Stephen Fothergill is a writer of fiction. He is from Attercliffe, a once teeming mini-city within the great industrial city of Sheffield. He was born, at home, in a house alongside the River Don. His mother tells him that it was a difficult delivery, but she nevertheless endured childbirth on four more occasions. Fothergill is one of a minute proportion, reputedly less than one percent, of adults able to recall events from before the age of two. The family lived in a single room next to Newhall Bridge in Attercliffe, but when a second child, a brother, arrived they moved into two rooms around the corner in Swallow Street. Though just eighteen months old when the move happened, Fothergill can recall living there. ‘I can remember standing at the front door with my mother and another woman, when I was frightened out of my wits by a massive steamroller rolling the road outside. I can also recall grazing my knees when falling off an old wheeled tin horse that I had been given. I screamed at the sight of the horse after that, and I retain an exceptionally vivid memory of my uncle, in an attempt to pacify me, throwing the horse into the River Don just along from where we lived.’

Banners Store, Attercliffe
A Typically Busy Attercliffe Offered Better Shopping Than The City Centre! (Image courtesy of George Cunningham)


When he was barely two years old, Fothergill contracted TB, and the family were forced to move from Attercliffe, in the industrial east-end of Sheffield, to live in a small, almost derelict cottage on the slopes of Wincobank Hill in Shiregreen. When the cottage was later condemned as unfit for habitation they were re-housed in a three bedroom house on the Stradbroke estate near Handsworth, where Fothergill spent the rest of a happy childhood with his brother and two sisters (a second brother arrived when Fothergill was twenty years old).

Handsworth Tram
Handsworth Church and Passing Tram in the Distinctive Sheffield Livery (Image courtesy of Mick Rick)

Fothergill attended Stradbroke Infant & Junior School. He passed the eleven-plus examination, and should have progressed to a grammar school. But Sheffield had just introduced the comprehensive system, and his intended school was integrated into the huge, twelve hundred pupil Hinde House Comprehensive School, where he spent a very happy two years. He was a good student, particularly at Art, History and Geography, but his real love was for English, and he excelled in the subject.

However, already possessing the strongly developed characteristic of never being satisfied, he decided that he had been short-changed in not attending a grammar school and so made what turned out to be the disastrous decision to move to Sheffield’s Central Technical School. Despite CTS  having an excellent academic reputation, Fothergill hated the place. He left at fifteen before taking any examinations. Despite his talents being inclined towards the arts, and having virtually no ability with the sciences he became an apprentice mechanical services engineer. He always  sensed that he didn’t really fit the mould of an engineer, but he stuck at it and was fortunate to meet and receive valuable guidance from many of the older engineers, some of whom had a significant long-term influence upon him. He also made some exceptionally good friends.

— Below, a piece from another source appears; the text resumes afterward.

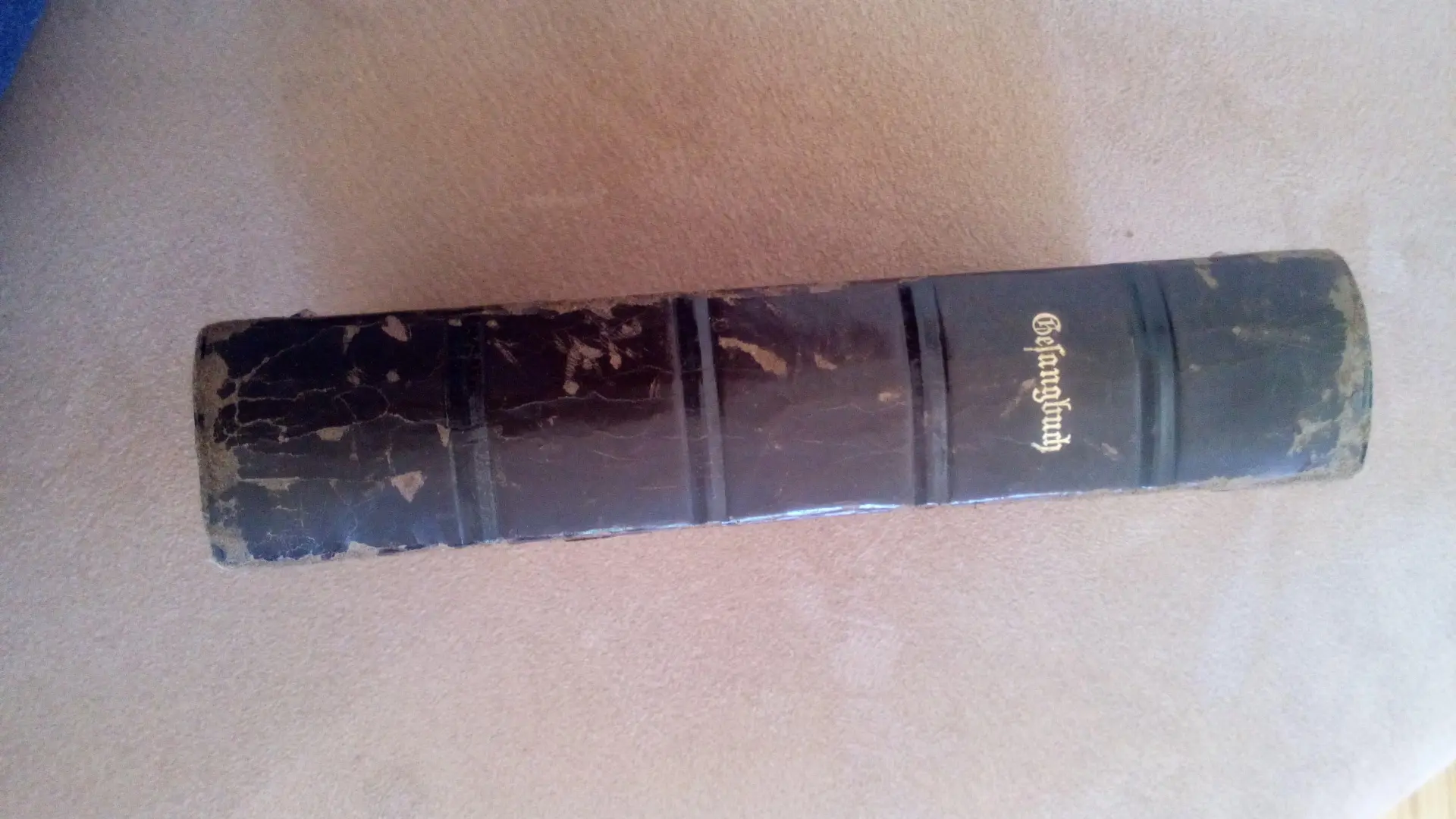Gesangbuch 3.jpg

Characteristically, wanderlust took hold on his twentieth birthday when his apprenticeship ended and he was free to work elsewhere. He and several friends decided become farm labourers in Jersey in the Channel Islands to earn enough money to travel to Australia, which several of his friends succeeded in doing. But Fothergill met his first wife while in Jersey, and stayed there for three years. After leaving the island he worked for several years at the British Steel Corporation in Sheffield, before going to work overseas; spending seven years in Saudi Arabia, followed by spells in California, Malaysia, and Bangladesh. His time in the desert provided much spare time with little to do, where he began to do an enormous amount of reading and also began to write.

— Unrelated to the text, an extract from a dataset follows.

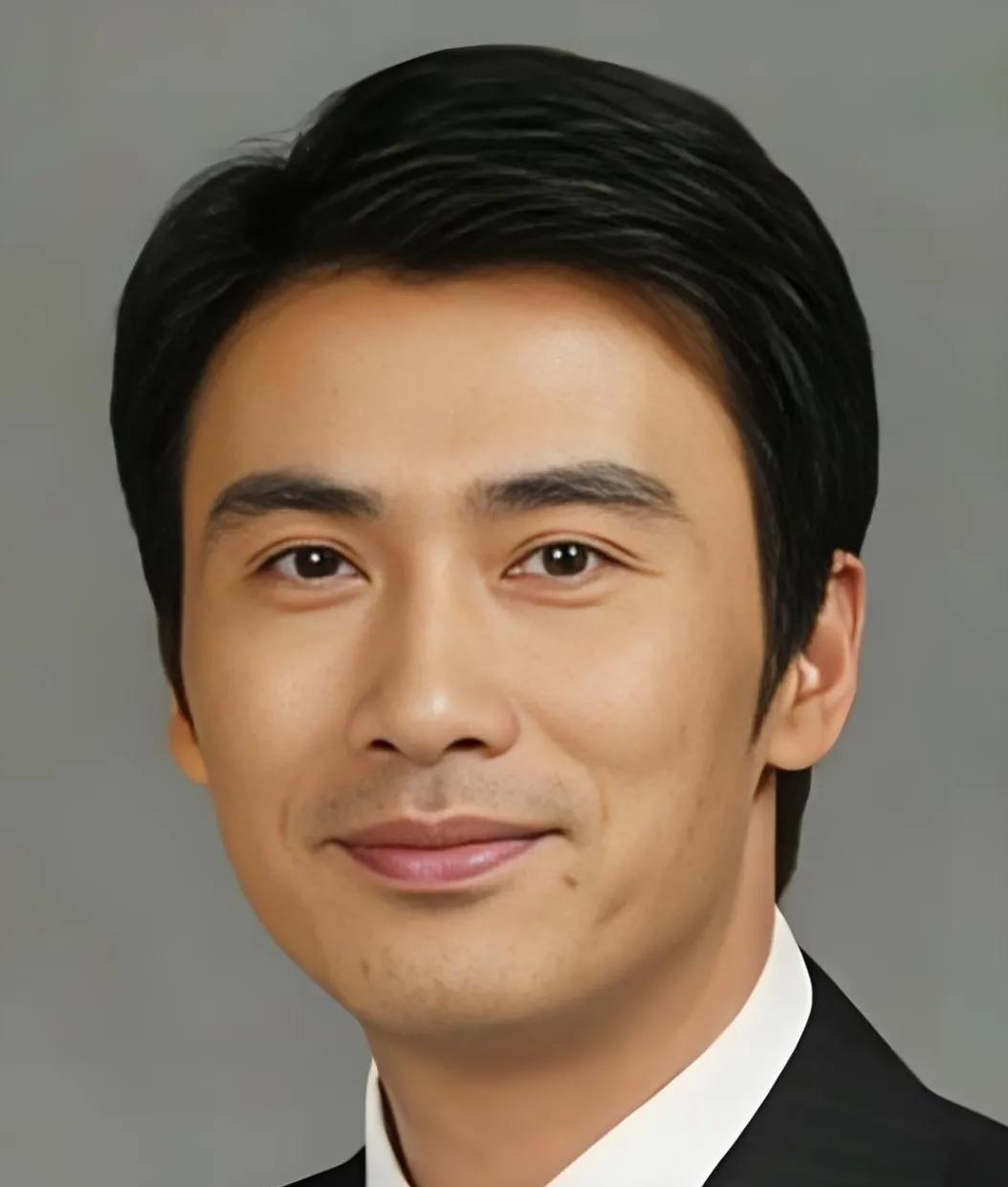 有这么一个男演员，颜值非常的高，还拥有1米八一的高挑个子，演技才华无与伦比，他的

He eventually returned to England, working for several companies, until in 2010 he decided he had been an engineer for long enough and made the decision to return to continue his abandoned education. Fothergill studied initially with the Open University, gaining several credits, which qualified him for entry to a conventional university. He was offered a place at the University of Hertfordshire University to study English Literature with Creative Writing, subsequently transferring to the University of East Anglia where he graduated with a BA in 2014.

Fothergill is currently a post-graduate student at UEA, studying Creative Entrepreneurship. Fothergill’s writing began to come to fruition at UEA. He has written several short stories, and is currently putting the finishing touches to novel. He lives just outside London in Bushey, Hertfordshire with his wife and until recently, his two sons, who have both now departed to university.